From: John Meinel <john(at)johnmeinel(dot)com>
To: Tom Lane <tgl(at)sss(dot)pgh(dot)pa(dot)us>
Cc: pgsql-performance(at)postgresql(dot)org
Subject: Re: [pgsql-hackers-win32] Poor Performance for large queries
Date: 2004-09-29 16:44:14
Message-ID: 415AE65E.3030200@johnmeinel.com
Views: Raw Message | Whole Thread | Download mbox | Resend email
Thread:
Lists: pgsql-hackers-win32 pgsql-performance

Tom Lane wrote:
> [ enlarging on Richard's response a bit ]
>
> John Meinel <john(at)johnmeinel(dot)com> writes:
>
>>jfmeinel=> explain analyze execute myget(30000);
>> QUERY PLAN
>>--------------------------------------------------------------------
>> Seq Scan on tdata (cost=0.00..9773.10 rows=181923 width=4)
>> (actual time=1047.000..1047.000 rows=0 loops=1)
>> Filter: (project_id = $1)
>> Total runtime: 1047.000 ms
>
>
>>jfmeinel=> explain analyze select id from tdata where project_id = 30000;
>> QUERY PLAN
>
>
>>-------------------------------------------------------------------------
>> Index Scan using tdata_project_id_idx on tdata (cost=0.00..4.20
>>rows=1 width=4) (actual time=0.000..0.000 rows=0 loops =1)
>> Index Cond: (project_id = 30000)
>> Total runtime: 0.000 ms
>
>
>>So notice that when doing the actual select it is able to do the index
>>query. But for some reason with a prepared statement, it is not able to
>>do it.
>
>
> This isn't a "can't do it" situation, it's a "doesn't want to do it"
> situation, and it's got nothing whatever to do with null or not null.
> The issue is the estimated row count, which in the first case is so high
> as to make the seqscan approach look cheaper. So the real question here
> is what are the statistics on the column that are making the planner
> guess such a large number when it has no specific information about the
> compared-to value. Do you have one extremely common value in the column?
> Have you done an ANALYZE recently on the table, and if so can you show
> us the pg_stats row for the column?
>
> regards, tom lane
>

The answer is "yes" that particular column has very common numbers in
it. Project id is a number from 1->21. I ended up modifying my query
such that I do the bulk of the work in a regular UNION SELECT so that
all that can be optimized, and then I later do another query for this
row in an 'EXECUTE ...' so that unless I'm actually requesting a small
number, the query planner can notice that it can do an indexed query.

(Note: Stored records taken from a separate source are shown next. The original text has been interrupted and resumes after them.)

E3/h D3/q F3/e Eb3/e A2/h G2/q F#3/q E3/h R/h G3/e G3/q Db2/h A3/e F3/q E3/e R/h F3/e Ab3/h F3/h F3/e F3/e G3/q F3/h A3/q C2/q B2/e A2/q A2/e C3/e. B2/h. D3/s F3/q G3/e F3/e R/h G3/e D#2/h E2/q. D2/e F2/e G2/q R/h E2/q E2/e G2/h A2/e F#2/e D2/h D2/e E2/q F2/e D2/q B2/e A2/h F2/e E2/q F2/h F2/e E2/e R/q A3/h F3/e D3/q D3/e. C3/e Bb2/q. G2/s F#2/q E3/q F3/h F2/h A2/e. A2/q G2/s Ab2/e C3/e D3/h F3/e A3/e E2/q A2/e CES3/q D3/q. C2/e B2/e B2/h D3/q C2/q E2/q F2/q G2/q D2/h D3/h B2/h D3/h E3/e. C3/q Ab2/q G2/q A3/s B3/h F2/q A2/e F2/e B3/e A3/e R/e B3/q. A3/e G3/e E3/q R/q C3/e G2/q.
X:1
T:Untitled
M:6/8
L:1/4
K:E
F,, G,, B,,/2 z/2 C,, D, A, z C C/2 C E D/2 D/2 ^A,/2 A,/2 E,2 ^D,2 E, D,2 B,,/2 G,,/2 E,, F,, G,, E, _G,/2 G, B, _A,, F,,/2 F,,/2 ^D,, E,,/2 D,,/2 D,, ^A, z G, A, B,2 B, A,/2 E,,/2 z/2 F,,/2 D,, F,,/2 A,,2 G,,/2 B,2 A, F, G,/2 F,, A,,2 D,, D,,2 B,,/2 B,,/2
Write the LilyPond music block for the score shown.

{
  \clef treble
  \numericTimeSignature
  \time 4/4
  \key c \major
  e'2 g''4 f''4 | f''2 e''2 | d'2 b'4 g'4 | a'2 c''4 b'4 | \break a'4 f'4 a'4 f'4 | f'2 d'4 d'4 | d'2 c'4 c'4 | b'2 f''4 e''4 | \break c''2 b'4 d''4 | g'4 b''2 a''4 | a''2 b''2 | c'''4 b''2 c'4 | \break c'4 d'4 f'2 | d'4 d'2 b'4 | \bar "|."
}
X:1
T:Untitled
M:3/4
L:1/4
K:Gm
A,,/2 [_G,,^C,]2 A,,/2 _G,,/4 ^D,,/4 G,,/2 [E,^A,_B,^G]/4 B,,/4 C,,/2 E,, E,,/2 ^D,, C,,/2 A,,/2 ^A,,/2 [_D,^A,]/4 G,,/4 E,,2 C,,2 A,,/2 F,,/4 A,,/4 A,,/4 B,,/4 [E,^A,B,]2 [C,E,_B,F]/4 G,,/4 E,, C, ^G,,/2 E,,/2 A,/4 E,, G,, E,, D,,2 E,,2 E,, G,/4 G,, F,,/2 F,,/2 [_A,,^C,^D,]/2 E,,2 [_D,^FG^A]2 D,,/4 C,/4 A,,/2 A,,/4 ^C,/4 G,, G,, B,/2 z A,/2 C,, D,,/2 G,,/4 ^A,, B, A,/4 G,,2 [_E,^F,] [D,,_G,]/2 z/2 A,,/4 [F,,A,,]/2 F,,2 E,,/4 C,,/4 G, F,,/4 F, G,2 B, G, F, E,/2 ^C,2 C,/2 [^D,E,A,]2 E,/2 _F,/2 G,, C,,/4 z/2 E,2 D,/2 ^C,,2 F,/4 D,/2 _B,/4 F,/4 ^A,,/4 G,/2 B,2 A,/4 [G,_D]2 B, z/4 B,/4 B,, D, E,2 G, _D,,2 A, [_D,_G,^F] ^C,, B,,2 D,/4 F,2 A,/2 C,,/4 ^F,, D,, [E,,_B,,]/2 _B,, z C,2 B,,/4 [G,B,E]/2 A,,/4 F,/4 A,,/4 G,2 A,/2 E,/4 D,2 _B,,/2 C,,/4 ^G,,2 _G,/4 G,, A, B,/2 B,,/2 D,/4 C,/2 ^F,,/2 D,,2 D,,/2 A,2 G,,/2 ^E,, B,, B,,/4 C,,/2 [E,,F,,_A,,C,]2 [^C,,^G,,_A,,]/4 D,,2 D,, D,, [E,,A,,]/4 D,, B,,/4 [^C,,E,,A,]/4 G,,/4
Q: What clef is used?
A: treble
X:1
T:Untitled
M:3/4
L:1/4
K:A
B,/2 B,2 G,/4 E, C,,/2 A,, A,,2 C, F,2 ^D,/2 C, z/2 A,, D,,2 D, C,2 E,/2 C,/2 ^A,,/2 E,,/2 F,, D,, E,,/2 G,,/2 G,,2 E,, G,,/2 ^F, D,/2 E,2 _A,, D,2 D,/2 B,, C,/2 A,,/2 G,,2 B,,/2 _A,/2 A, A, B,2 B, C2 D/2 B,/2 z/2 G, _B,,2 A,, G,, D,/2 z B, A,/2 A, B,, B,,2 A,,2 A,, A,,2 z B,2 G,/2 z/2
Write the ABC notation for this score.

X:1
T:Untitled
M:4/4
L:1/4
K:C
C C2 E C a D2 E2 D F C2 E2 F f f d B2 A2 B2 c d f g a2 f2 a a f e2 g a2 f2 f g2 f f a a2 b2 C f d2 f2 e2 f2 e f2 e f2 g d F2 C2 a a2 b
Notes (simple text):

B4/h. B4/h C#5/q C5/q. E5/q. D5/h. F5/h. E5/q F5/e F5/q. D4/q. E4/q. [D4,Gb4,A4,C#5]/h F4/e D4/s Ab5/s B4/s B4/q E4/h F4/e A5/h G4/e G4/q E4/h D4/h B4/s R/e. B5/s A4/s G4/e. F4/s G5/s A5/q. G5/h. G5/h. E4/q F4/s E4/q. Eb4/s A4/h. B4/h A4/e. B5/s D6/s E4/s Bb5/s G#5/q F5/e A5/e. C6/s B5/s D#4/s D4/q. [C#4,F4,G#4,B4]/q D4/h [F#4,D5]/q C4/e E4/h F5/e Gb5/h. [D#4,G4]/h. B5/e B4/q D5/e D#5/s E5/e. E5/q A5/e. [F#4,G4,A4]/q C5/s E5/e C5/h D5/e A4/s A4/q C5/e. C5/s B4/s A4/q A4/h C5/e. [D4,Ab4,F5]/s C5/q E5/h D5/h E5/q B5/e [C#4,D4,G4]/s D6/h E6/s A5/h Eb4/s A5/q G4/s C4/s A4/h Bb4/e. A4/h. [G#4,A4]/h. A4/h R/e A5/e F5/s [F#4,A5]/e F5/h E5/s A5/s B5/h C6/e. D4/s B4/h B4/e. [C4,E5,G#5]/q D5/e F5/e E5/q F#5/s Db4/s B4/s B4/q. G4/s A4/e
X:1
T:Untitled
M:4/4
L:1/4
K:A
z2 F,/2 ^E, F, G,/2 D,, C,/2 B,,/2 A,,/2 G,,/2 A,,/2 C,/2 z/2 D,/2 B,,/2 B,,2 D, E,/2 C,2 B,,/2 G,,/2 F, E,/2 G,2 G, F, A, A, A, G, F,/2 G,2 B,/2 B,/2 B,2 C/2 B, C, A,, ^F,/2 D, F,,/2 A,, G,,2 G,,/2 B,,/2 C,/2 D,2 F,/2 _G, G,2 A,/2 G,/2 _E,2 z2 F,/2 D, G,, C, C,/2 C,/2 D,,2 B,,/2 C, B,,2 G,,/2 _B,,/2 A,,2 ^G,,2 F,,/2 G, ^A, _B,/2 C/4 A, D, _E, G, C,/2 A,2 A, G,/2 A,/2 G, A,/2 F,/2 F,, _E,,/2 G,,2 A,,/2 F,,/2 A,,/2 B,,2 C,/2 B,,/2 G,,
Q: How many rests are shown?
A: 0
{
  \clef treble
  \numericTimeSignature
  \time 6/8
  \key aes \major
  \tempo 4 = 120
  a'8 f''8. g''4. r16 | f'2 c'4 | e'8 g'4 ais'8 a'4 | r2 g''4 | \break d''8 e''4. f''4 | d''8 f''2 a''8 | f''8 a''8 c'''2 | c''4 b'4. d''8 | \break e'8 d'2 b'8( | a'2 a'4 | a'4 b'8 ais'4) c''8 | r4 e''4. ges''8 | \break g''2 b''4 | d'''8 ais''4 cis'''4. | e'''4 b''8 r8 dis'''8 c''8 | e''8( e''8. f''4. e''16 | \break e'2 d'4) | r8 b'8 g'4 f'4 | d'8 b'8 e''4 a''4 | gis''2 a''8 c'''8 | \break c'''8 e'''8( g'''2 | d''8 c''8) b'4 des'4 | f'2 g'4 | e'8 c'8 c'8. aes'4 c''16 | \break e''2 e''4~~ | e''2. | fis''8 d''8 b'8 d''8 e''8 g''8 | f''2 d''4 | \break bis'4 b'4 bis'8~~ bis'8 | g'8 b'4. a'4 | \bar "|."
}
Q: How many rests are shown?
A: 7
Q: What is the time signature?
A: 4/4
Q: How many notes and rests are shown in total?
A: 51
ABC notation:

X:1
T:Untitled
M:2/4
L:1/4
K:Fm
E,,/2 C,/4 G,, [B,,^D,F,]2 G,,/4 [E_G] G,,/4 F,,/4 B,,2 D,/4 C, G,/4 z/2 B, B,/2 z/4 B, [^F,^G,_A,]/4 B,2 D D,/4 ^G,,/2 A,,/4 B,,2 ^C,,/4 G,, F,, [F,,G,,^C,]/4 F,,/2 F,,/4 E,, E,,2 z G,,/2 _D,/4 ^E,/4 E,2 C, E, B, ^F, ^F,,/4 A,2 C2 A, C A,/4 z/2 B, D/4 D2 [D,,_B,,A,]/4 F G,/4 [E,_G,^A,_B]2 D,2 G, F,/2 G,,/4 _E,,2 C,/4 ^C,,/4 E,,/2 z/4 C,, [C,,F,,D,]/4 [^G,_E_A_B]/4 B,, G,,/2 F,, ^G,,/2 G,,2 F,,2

I'm pretty sure this is just avoiding worst case scenario. Because it is
true that if I use the number 18, it will return 500,000 rows. Getting
those with an indexed lookup would be very bad. But typically, I'm doing
numbers in a very different range, and so the planner was able to know
that it would not likely find that number.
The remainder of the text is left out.